Suicide cases will increase unless economy is fixed – Mental health boss warns
The Chief Executive Officer of the Mental Health Authority (MHA) has warned suicide incidents in the country might continue if the difficulties in the economy are not fixed.
Dr. Akwasi Osei said a key underlying factor that pushes people to take their own lives is the hardship they face especially in the economy.
Speaking to Gifty Andoh-Appiah on The Pulse on JOYNEWS channel on MultiTV Thursday, he said government has to do all it can to fix the economy.
“If the economy is not booming and people are having hardship you will have this [suicide] happening.”
Ghana has recorded four suicide incidents within the last four weeks, a development the Health Ministry has described as worrying.
The incidents which rapidity has confounded health officials started with a first year Chemical Engineering student of the Kwame Nkrumah University of Science and Technology taking her life on February 24.

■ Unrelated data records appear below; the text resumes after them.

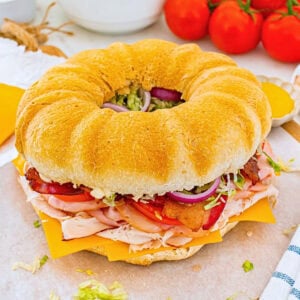 Round sandwich with turkey, cheese, bacon, lettuce, tomato, and onion.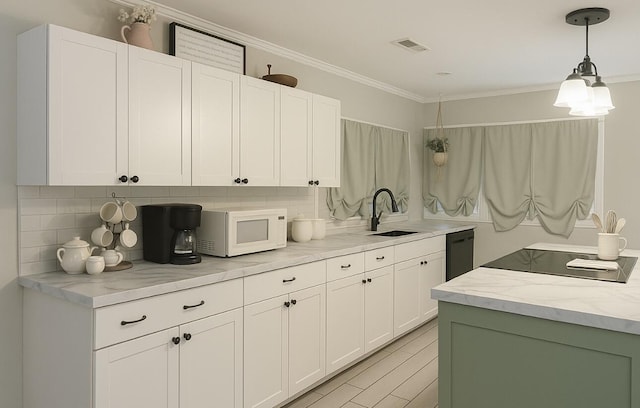 6061 Old Number Six Hwy, Elloree, SC 29047 - kitchen with white microwave, a sink, dishwasher, crown molding, and white cabinetry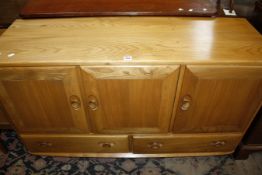 An Ercol elm sideboard with three cupboards and two drawers below 130cm wide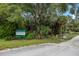 The Culverhouse Nature Park entrance featuring greenery, plants, and a trail at 651 Percheron Cir, Nokomis, FL 34275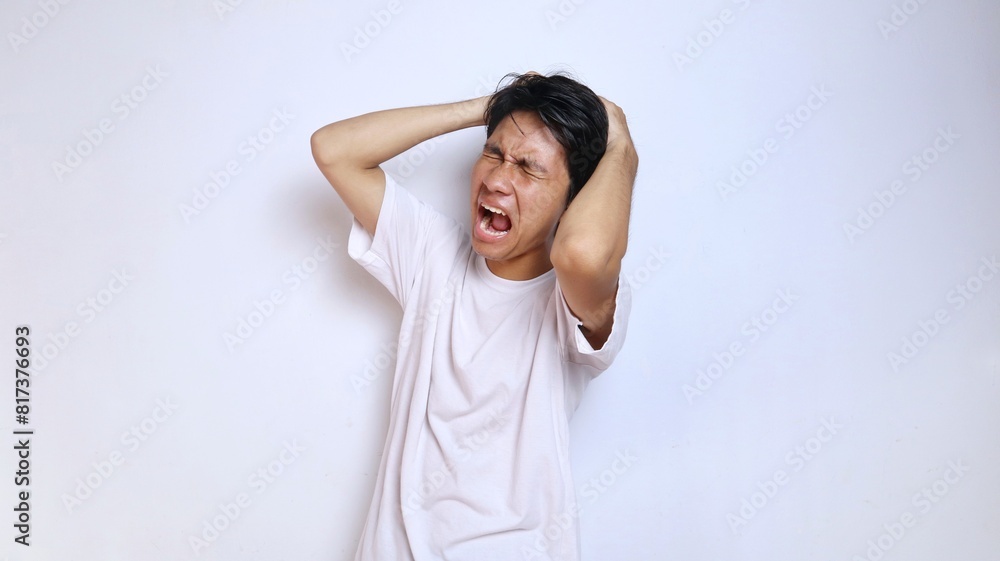 young asian man in white shirt with expression dizzy, stressed, depressed, mentally damaged, lost, hand gesture holding head i young asian man in white shirt with expression dizzy, stressed, depressed, mentally damaged, lost, hand gesture holding head i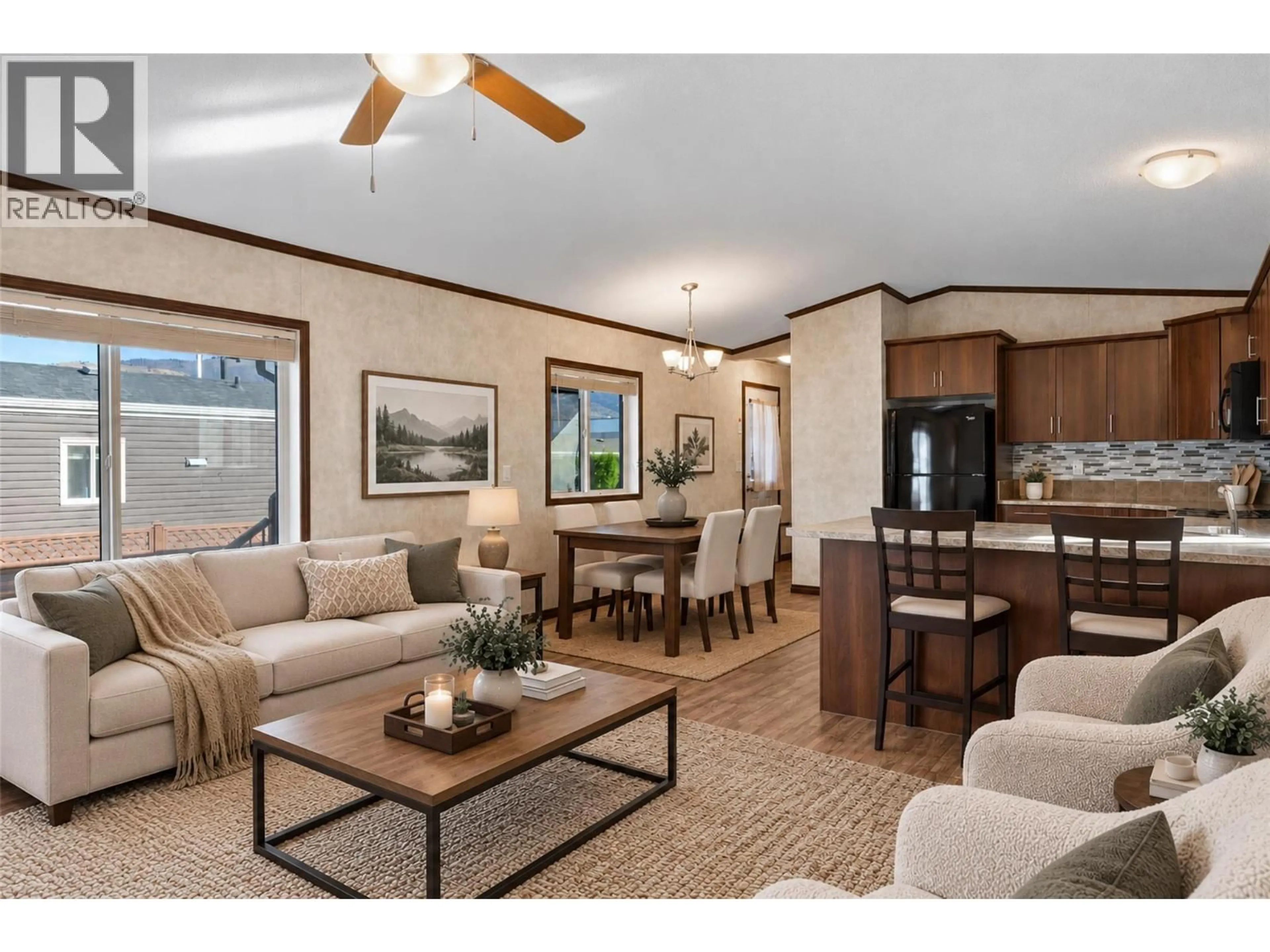 Living room with furniture, wood/laminate floor for 27 - 7805 DALLAS DRIVE, Kamloops British Columbia V2C0E5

Adwoa Agyarka Anyimadu-Antwi, 18, was reported to have taken a concoction identified as hazardous after which she hanged herself with a rope in her hostel room.
This was followed by the discovery of a lifeless body of a 16-year-old girl at New Tafo in the Eastern Region.

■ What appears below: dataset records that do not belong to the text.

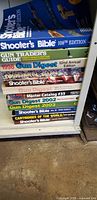 Photo showing a stacked collection of shooters catalogs and gun guides on a shelf including Shooter's Bible, Gun Trader's Guide, Gun Digest, Master Catalog, and Cartridges of the World.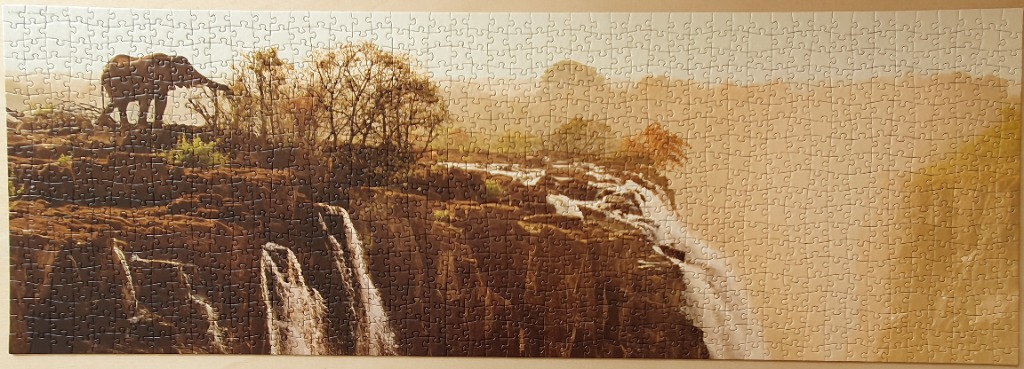 A panoramic landscape featuring a lone elephant standing on a rocky precipice above a waterfall in hazy golden light.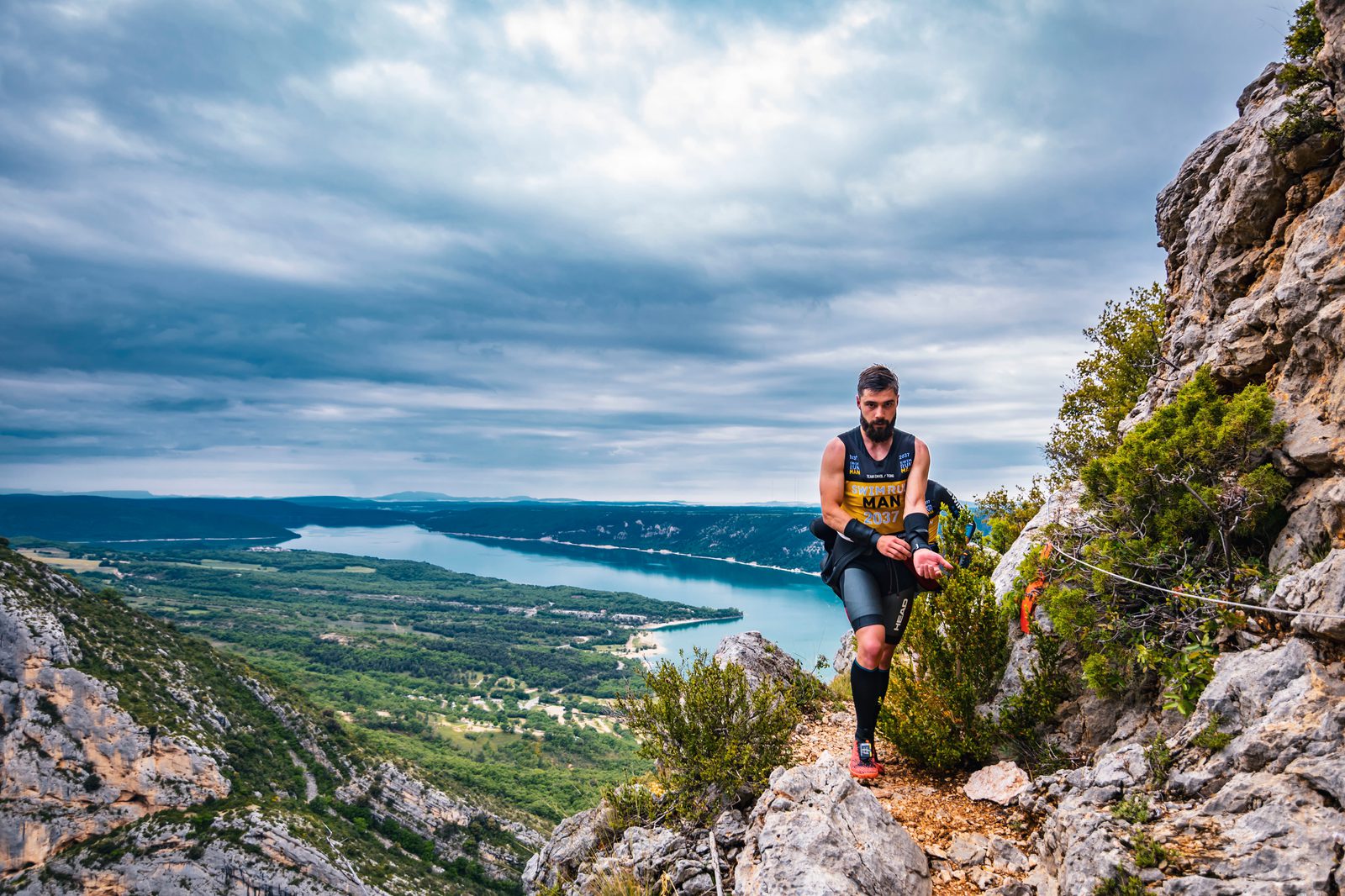 A bearded man trail running on a rocky mountain path with a lake and expansive greenery in the background. He is wearing a black and yellow athletic outfit and mid-length socks. The sky is overcast with dense clouds.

The teenager whose name has not been identified is said to have been discovered by her mother in their kitchen on March 8, with a rope tied around her neck.
Although it is unclear what might have driven a junior high school student to take her own life, her colleagues say she was unwell.
On the same day, a final year student of the University of Ghana was found lying in a pool of blood after allegedly jumping from the 4th floor of the Akuafo hall.
Jennifer Nyarko a resident of Akuafo Hall Annex A in room 407 is said to have been battling with high fever, but it has not been established if she deliberately fell over.
Also, on Thursday, a lifeless body of a man said to be in his mid-twenties was discovered hanging on a tree at Old Achimota, a suburb of Accra.
Tesano District Police Commander, DSP Edward Tetteh, said their preliminary investigations revealed the deceased was at a betting house hours before the incident happened.
Dr. Osei who has been on the heels of government to prioritise mental health issues in the country said the rising rate of suicide is an “unpleasant situation.”
He attributed the development to mental health problems which he accuses government of ignoring to the detriment of the country.
Although he lauded the passage of the Mental Health Act, he said the Legislative Instrument (L.I) that is required to put the law into action has not been passed.
“If you have this [L.I] there will be massive public education, employee assistance programmes to schools that will give counseling opportunities to people to identify the underlying problems,” he said.
Nonetheless, Dr Osei said the important work is in making the economy less difficult for the citizens to conduct their activities.
Suicide rate in the country will go down if the economy creates opportunities and improves the livelihood of Ghanaians, he said.